[RFC PATCH 00/15] Provide atomics and bitops implemented with ISO C++11 atomics
From: David Howells
Date: Wed May 18 2016 - 11:10:47 EST
Here's a set of patches to provide kernel atomics and bitops implemented
with ISO C++11 atomic intrinsics. The second part of the set makes the x86
arch use the implementation.
Note that the x86 patches are very rough. It would need to be made
compile-time conditional in some way and the old code can't really be
thrown away that easily - but it's a good way to make sure I'm not using
that code any more.
There are some advantages to using ISO C++11 atomics:
(1) The compiler can make use of extra information, such as condition
flags, that are tricky to get out of inline assembly in an efficient
manner. This should reduce the number of instructions required in
some cases - such as in x86 where we use SETcc to store the condition
inside the inline asm and then CMP outside to put it back again.

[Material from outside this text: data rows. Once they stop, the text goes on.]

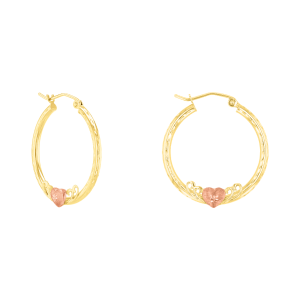 14K Two Tone Gold Heart Hoop Earrings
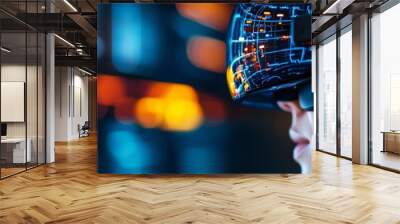 A person engaged in virtual reality experience, showcasing advanced technology and immersive interaction with digital environments. Wall mural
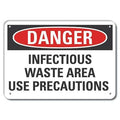 Plastic Infectious Waste Danger Sign, 10 in Height, 14 in Width, Plastic, Horizontal Rectangle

Whilst this can be alleviated by the use of asm-goto constructs, this
adds mandatory conditional jumps where the use of CMOVcc and SETcc
might be better.
(2) The compiler inserts memory barriers for us and can move them earlier,
within reason, thereby affording a greater chance of the CPU being
able to execute the memory barrier instruction simultaneously with
register-only instructions.
(3) The compiler can automatically switch between different forms of an
atomic instruction depending on operand size, thereby eliminating the
need for large switch statements with individual blocks of inline asm.
(4) The compiler can automatically switch between different available
atomic instructions depending on the values in the operands (INC vs
ADD) and whether the return value is examined (ADD vs XADD) and how it
is examined (ADD+Jcc vs XADD+CMP+Jcc).
There are some disadvantages also:
(1) It's not available in gcc before gcc-4.7 and there will be some
seriously suboptimal code production before gcc-7.1.
(2) The compiler might misoptimise - for example, it might generate a
CMPXCHG loop rather than a BTR instruction to clear a bit.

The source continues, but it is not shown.